Quant à la vacuité des « corps » et à sa théâtralisation, notons des absences — l’évocation récurrente du train dévalorise jambes et pieds d’ouvriers par ailleurs déboussolés ; on compte cinq fois le mot « locomotive » dans l’œuvre pour un seul « wagon » — et des jeux de scène : boxeur qui boxe dans le vide, ouvriers encordés par la ceinture, colonne de travailleurs résignés, images du bâton de la sucette et de la tige du géranium…
Lorsque les ombres des tanks apparaissent au treizième tableau, un homme entre et crie : « Trêve de paroles ! Le train des capitales renâcle dans la plaine et la foi se retire dans nos cœurs. » Outre un manque de cœur, un autre danger menace : la séduction festive et sensuelle. Les chants et les cris disparates des émeutiers l’illustrent comme ce qu’on dit de la Capitale « où les femmes sont belles, la ville aux mille tiroirs où tout se trouve pour tout comprendre ».
Le cou affirme parfois de manière ostentatoire un lien solide entre tête et corps. On pense à la posture de militaires en parade ou à des statues comme le Balzac de Rodin. Ici, le cou illustre un point faible, symboliquement presque éthéré. Ne retrouve-t-on pas une fragilité de conjonction dans le titre même ? Comment comprendre le « du » de Le train du bon Dieu ?
- Jean Louvet, Théâtre 1. Le train du bon Dieu, L’an un, À bientôt, Monsieur Lang, Mort et résurrection du citoyen Julien T., Les clients, Le bouffon. Textes réunis et présentés par Vincent Radermecker avec la collaboration de Nicole Leclercq, Bruxelles, AML Éditions, coll. « Archives du futur », 2006. Le deuxième volume reprend, chez le même éditeur, L’aménagement, Conversation en Wallonie, La farce du sous-marin, L’homme qui avait le soleil dans sa poche, Un Faust. Le troisième tome en préparation reprendra Le sabre de Tolède ; Jacob seul ; Le grand complot ; Un homme de compagnie ; Simenon.
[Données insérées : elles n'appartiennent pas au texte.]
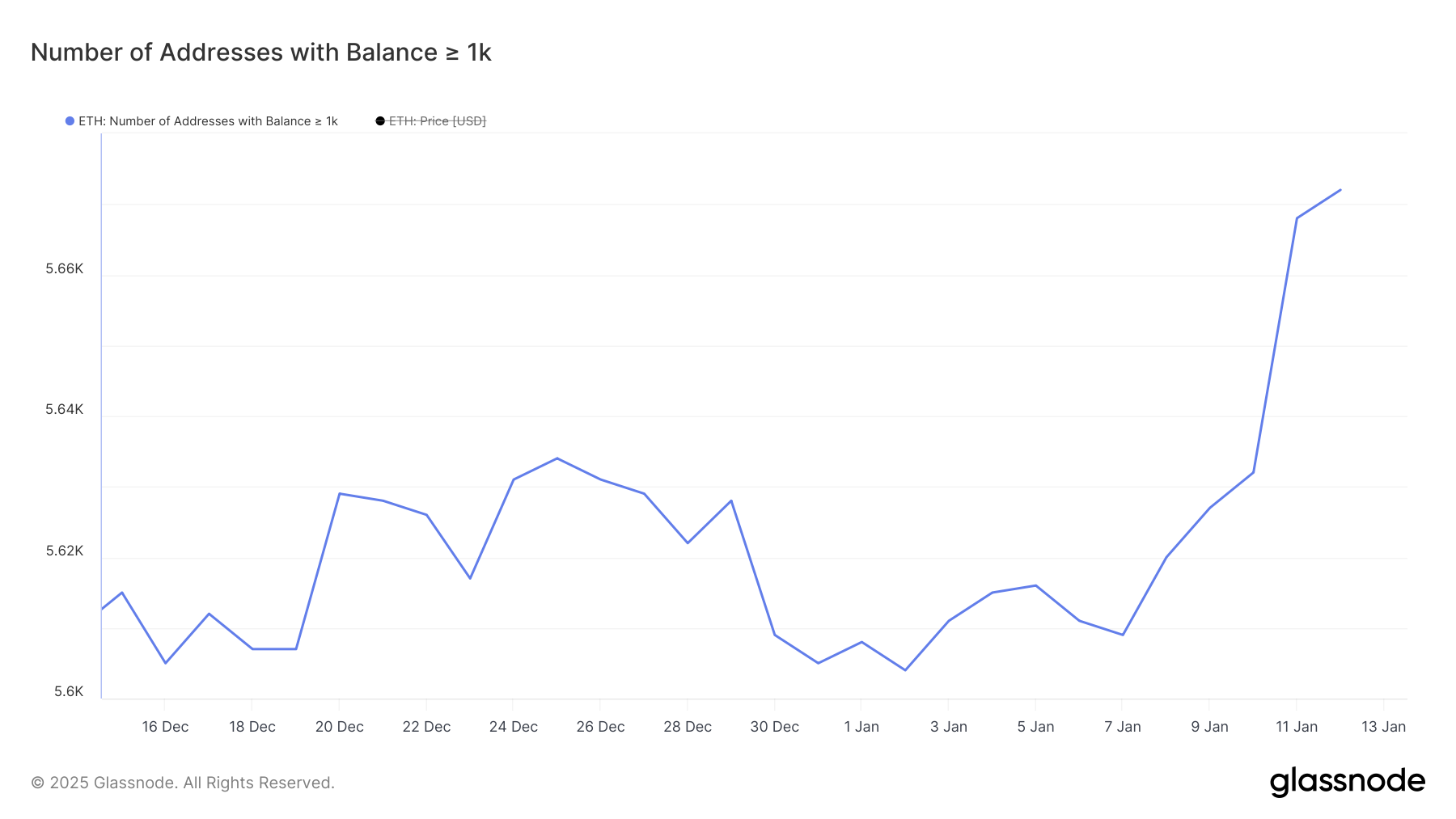 Addresses with Balance >= 1,000 ETH.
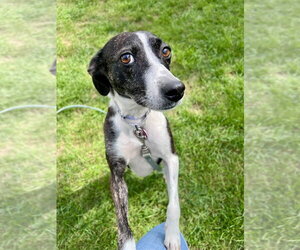 Elvira - Female Feist Terrier-Unknown Mix Dog for Adoption - Photo #4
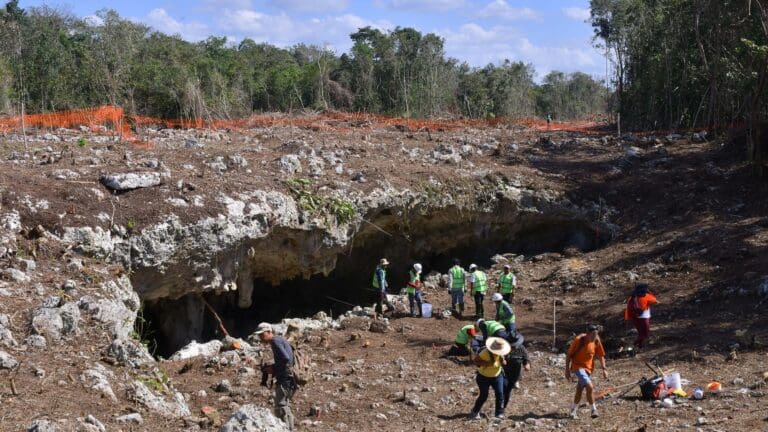 SEMARNAT reconoce que no hay Manifestación de Impacto Ambiental para el Trazo 5 del Tren Maya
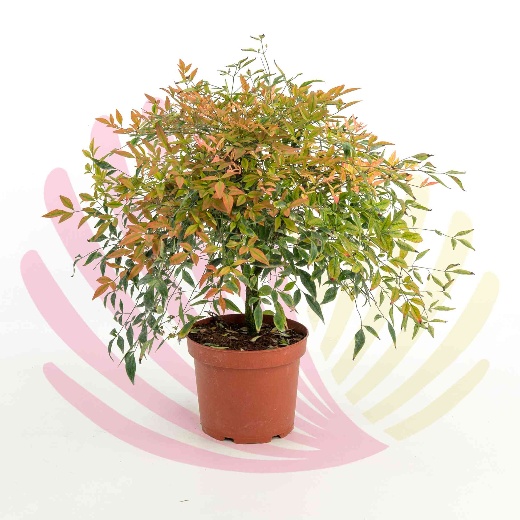 Nandina domestica - P170010V0025Z00010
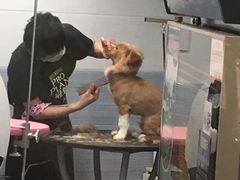 -宠小格时尚宠物生活馆(唐镇店)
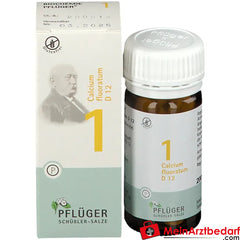 Biochemie Pflüger® Nr. 1 Calcium fluoratum D12 Tabletten.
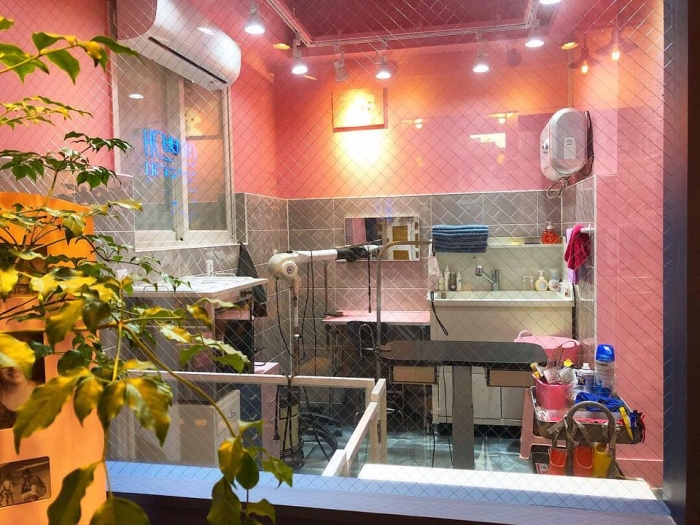 몽몽샵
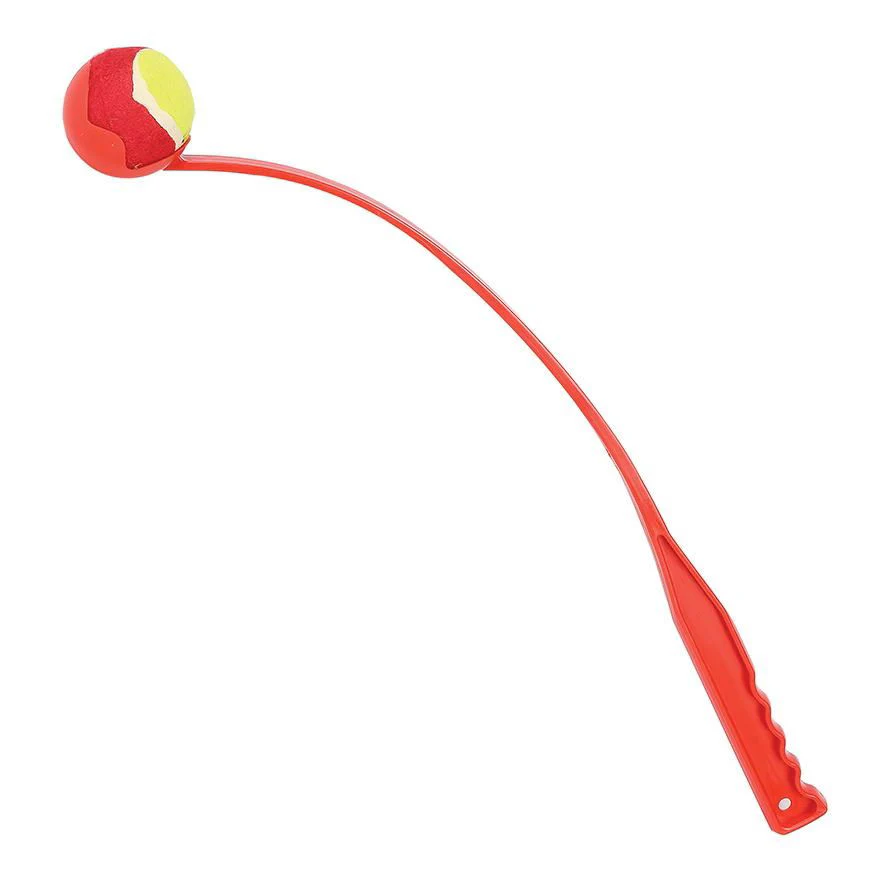 Fling 'n' Fetch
- Notons la saveur de l’image, telle que proposée par Louvet dans la deuxième citation, des têtes « penchées » des aristocrates. Elles se penchent face au roi, face à face, dans la danse, dans l’écoute…
- Philip Short, Pol Pot. Anatomie d’un cauchemar, éditions Denoël, 2007.
- « LE PATRON. – Plus vite, ils ont très soif. (Le barman s’affaire, remplit les verres.) LE PATRON. – Stop ! Le col ! Je t’ai déjà dit cent fois : faut respecter le col. » Dans la bouche du patron, ce « col » a subtilement, lui aussi, une connotation en rapport avec les « cols blancs ».
- La locomotive « vogue ». Elle a donc perdu toute identité…
- Voir le dixième tableau : « Au centre du groupe : deux hommes : le représentant syndical national et le représentant syndical régional, appelés aussi secrétaires. Ils portent des masques qui leur donnent une taille plus haute que le reste de la colonne. À remarquer que ces personnages masqués, qui tiennent un peu de la marionnette politique, sont différenciés par l’importance quantitative des masques : le secrétaire national porte un masque plus gros ; le secrétaire régional un masque d’importance moyenne. »
- Jean Louvet, Théâtre 1, op. cit., p. 105.
- Voir aussi d’autres allusions comme la réplique du « garde du bon Dieu », particulièrement son début : « LE GARDE. – C’est la fête. Les têtes se sont relevées au-dessus des haies. […]» ou l’entrée en scène de l’ouvrier qui joue le portier du Macao Bar. Affublé d’une casquette qui fait office de képi, il « passe la tête par la porte de la salle d’attente, rentre la tête. […] sortant à nouveau la tête ».